WHAT YOU ARE ASKED TO DO
Take the lines below from the one with "And then another" through the one with "Here we have" and retype them exactly. Include nothing else, and no pictures.

DATASET CONTENT
◆ ◆ ◆ ◆ ◆

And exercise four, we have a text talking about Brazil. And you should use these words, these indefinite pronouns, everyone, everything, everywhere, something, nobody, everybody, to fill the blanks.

◆ ◆ ◆ ◆ ◆

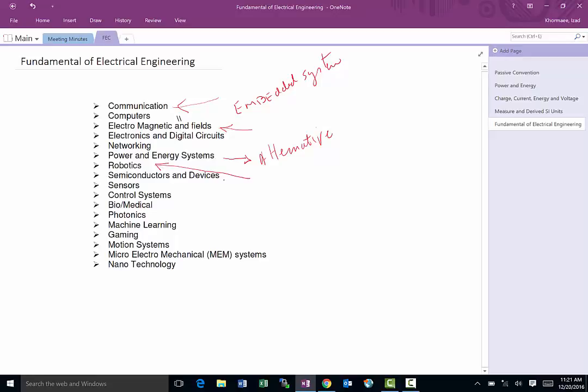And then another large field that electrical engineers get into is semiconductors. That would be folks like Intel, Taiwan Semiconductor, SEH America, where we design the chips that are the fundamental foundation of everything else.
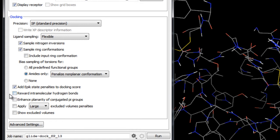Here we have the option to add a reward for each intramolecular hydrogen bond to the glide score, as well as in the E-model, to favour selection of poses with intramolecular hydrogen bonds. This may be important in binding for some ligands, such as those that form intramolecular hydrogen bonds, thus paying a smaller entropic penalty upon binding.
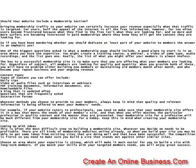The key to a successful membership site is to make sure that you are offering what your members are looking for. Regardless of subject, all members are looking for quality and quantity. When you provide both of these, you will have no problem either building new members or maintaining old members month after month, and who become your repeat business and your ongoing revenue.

◆ ◆ ◆ ◆ ◆

WRITTEN REPLY
And then another large field that electrical engineers get into is semiconductors. That would be folks like Intel, Taiwan Semiconductor, SEH America, where we design the chips that are the fundamental foundation of everything else.
Here we have the option to add a reward for each intramolecular hydrogen bond to the glide score, as well as in the E-model, to favour selection of poses with intramolecular hydrogen bonds. This may be important in binding for some ligands, such as those that form intramolecular hydrogen bonds, thus paying a smaller entropic penalty upon binding.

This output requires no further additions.